The receiving machine assigned the ID number 123456780-0AH to the message.  This is used more for mail administrators for checking logs but is also sometimes useful for spam analysts.

for <me@tzink.net>

This message was addressed to me@tzink.net.  This is the Envelope To, the one that is specified in RCPT TO by the sending machine.  It is this address that the message is routed to.  Note that this email does not have to be the same as the one in the To: header later on.  The envelope sender is not always in a received header, sometimes it is in a header elsewhere in the message.

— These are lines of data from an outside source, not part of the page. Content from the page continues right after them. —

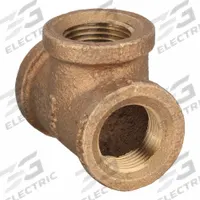 APPROVED VENDOR Metal Pipe Tee: Tee, 3/8 in x 3/8 in x 3/8 in, Class 125, C89833 Brass (MPN ZUSA-PF-10451). Key specifications — Brand: APPROVED VENDOR; Maximum Operating Pressure: 200 psi @ 72 °F.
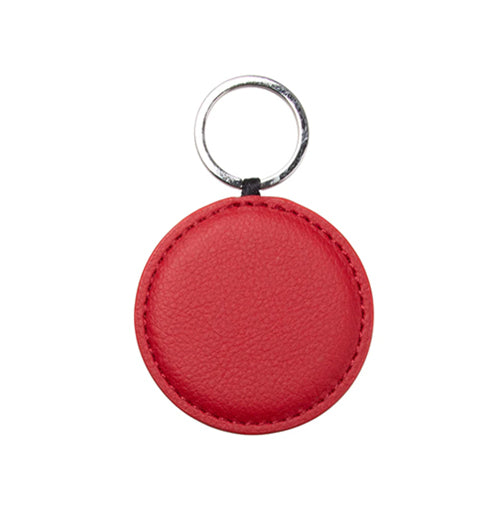 Engravables - Personalised PU LEATHER - Keyring - Round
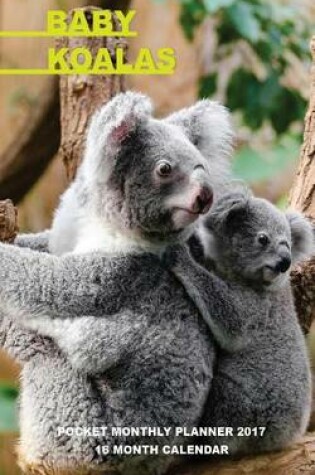 Cover of Baby Koalas Pocket Monthly Planner 2017
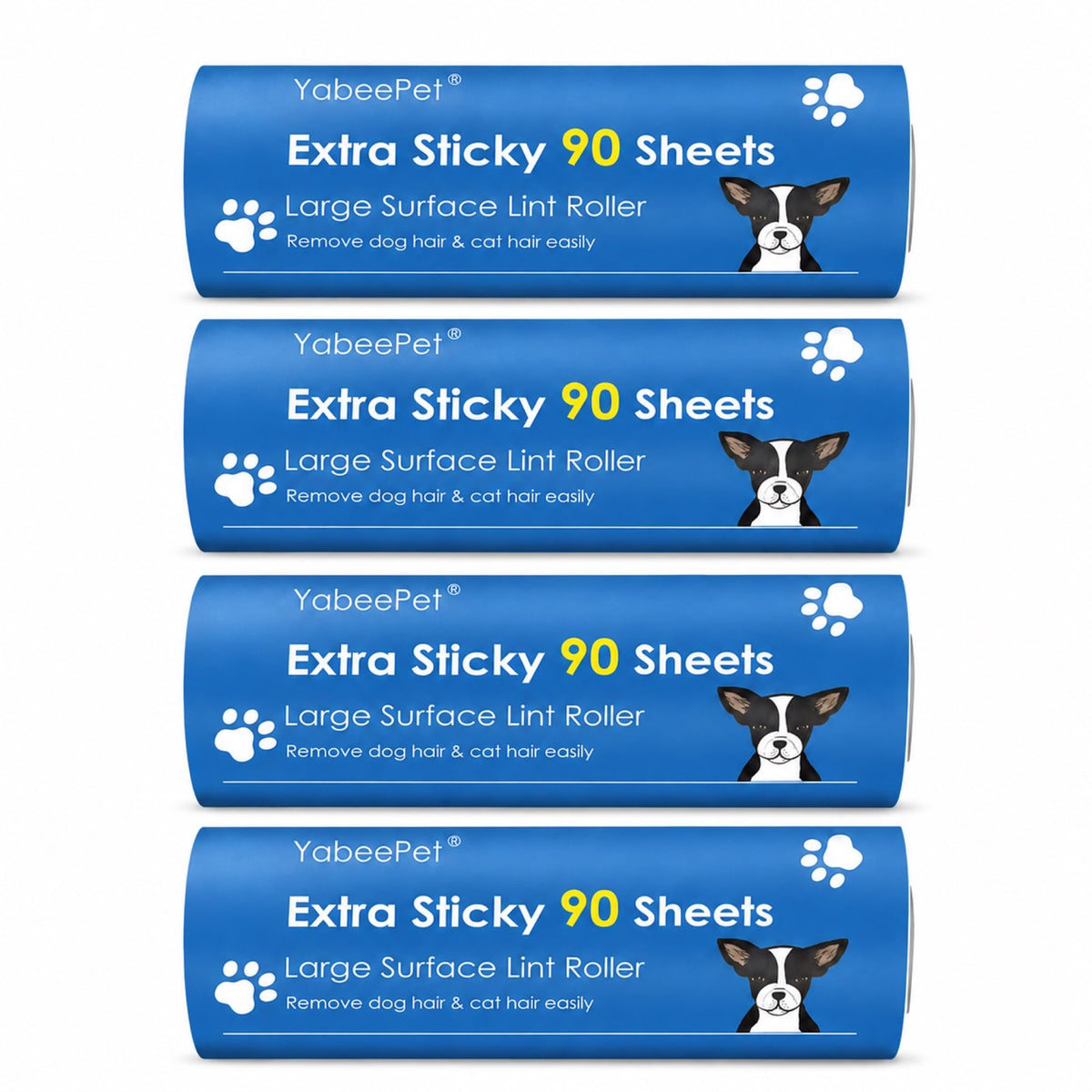 Extra Sticky Large Surface Lint Roller, 6.3'' Giant Lint Roller for Pet Hair, Lint Remover Roller for Cat Hair, Clothes, Furniture (1 Handle + 450 Sheets)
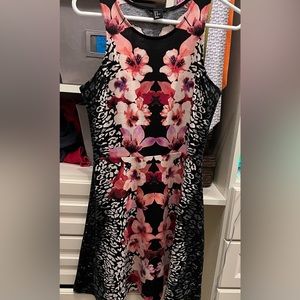 HM fit and flare mini dress with fun floral pattern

The next few headers are message headers.

From: my.alias@tzink.net
To: another.email@tzink-is-awesome.com
Date: Fri, Jun 18, 2007 20:20:20 PST
Message-ID: <elmsley-flushtration-484@mail.tzink.net>
Subject: How's it going?

The above headers are created by the transmitting machine.  The Message-ID is different than the SMTP ID, it can have the sender's email address embedded in it.  Other times there is no intelligible meaning associated with it.  This ID is associated with this email message for life.

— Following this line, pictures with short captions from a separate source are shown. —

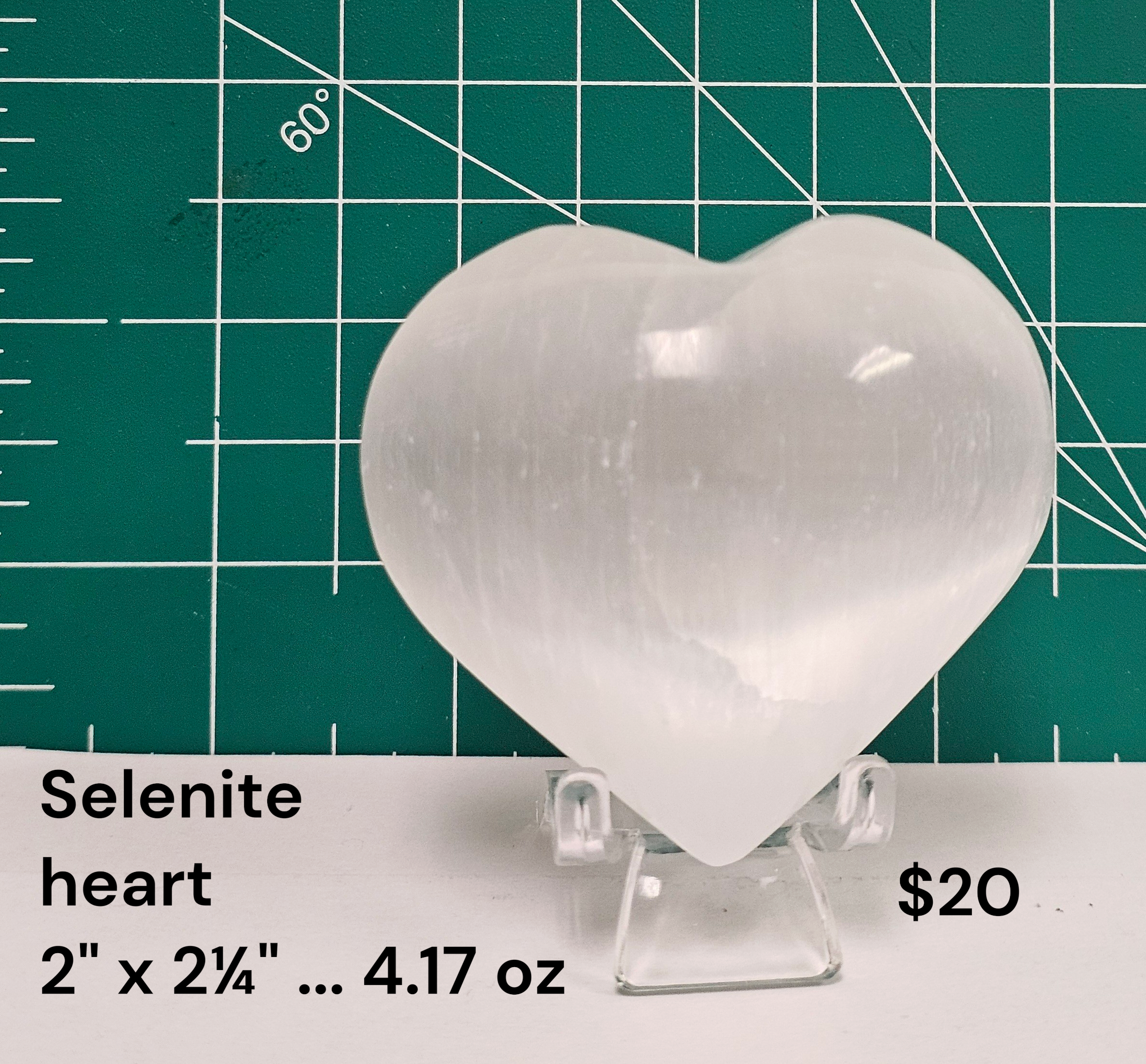 Selenite Heart #4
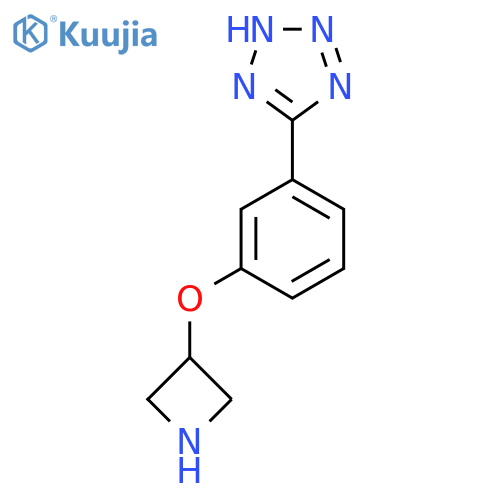 5-3-(azetidin-3-yloxy)phenyl-1H-1,2,3,4-tetrazole structure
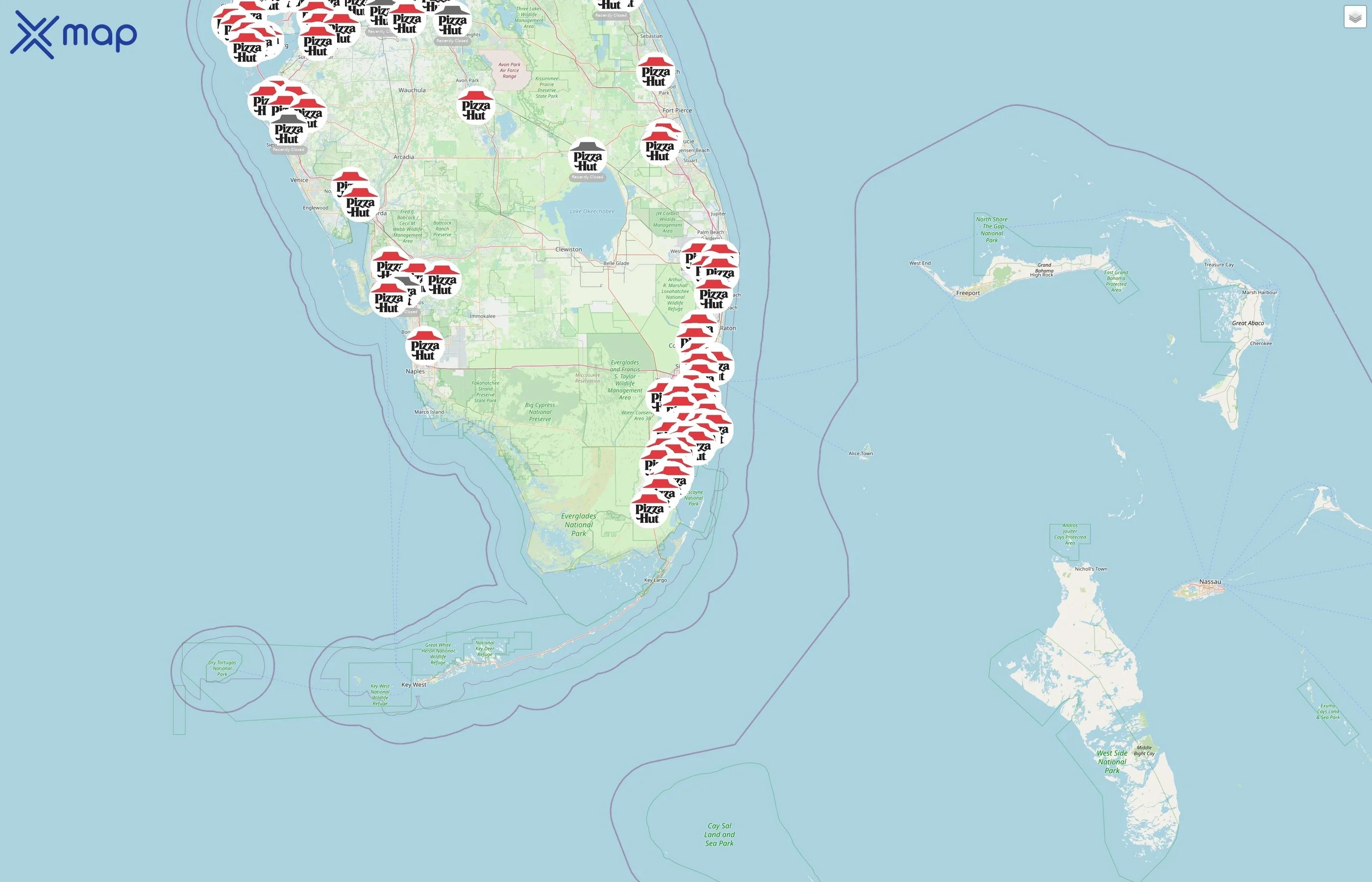 Pizza Hut street hotspots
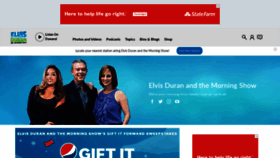 What Elvisduran.com website looked like in 2019 (4 years ago)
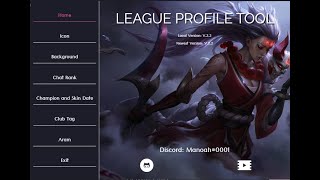 LoL Profile Tool - Change Rank, Profile Background and Summoner Icon [July 2020]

Note that there are four important routing headers, the Envelope To, the Envelope From, the message To: and the message From:.  The Envelope headers are generated by the receiving machine based upon the SMTP commands used by the transmitting machine while the To: and From: headers are extra headers inserted into the body of the message (that often show up in your email client like Thunderbird, Apple Mail or Outlook).  The message is routed based on the Envelope headers, not the message headers  Also note the absence of a colon in the Envelope headers.

Envelope headers appear differently in different mail servers.  Sometimes the envelope sender is specified in the Return-Path header.

It is important to note that my example above is simple.  Often times, a message will go through more routing and will have a few more Received: from headers.